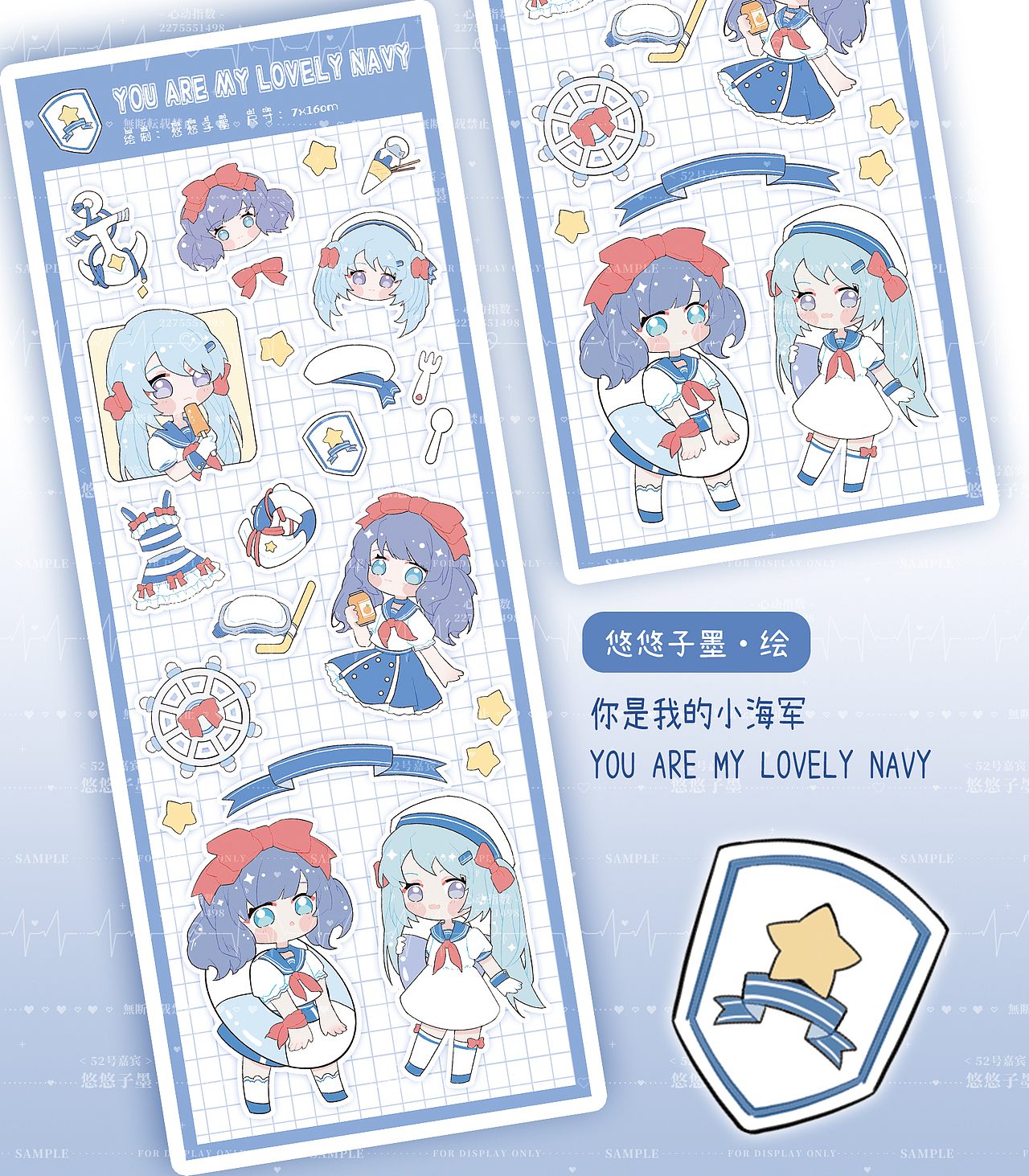 贴纸素材.我的小海军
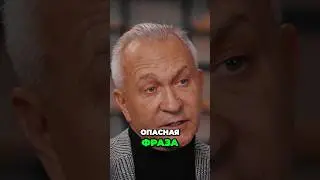 Опасная фраза в отношениях. - Алексей Ситников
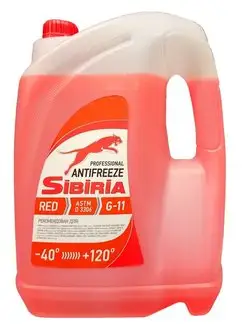 Антифриз ANTIFREEZE -40 красный 10л. 800887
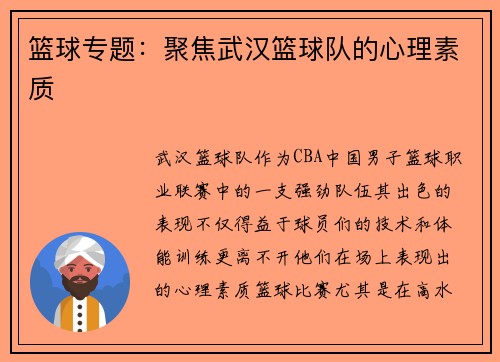 篮球专题：聚焦武汉篮球队的心理素质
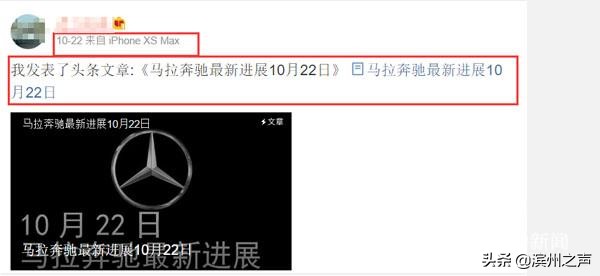 官方深夜回应奔驰车主哭诉维权,奔驰车主维权四年未果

====

## Exercise
Will you repeat the material above, but only from the line containing "Антифриз ANTIFREEZE -40 красный 10л. 800887" through its last line, exactly and without the pictures?

## Exercise result
 Антифриз ANTIFREEZE -40 красный 10л. 800887
 篮球专题：聚焦武汉篮球队的心理素质
 官方深夜回应奔驰车主哭诉维权,奔驰车主维权四年未果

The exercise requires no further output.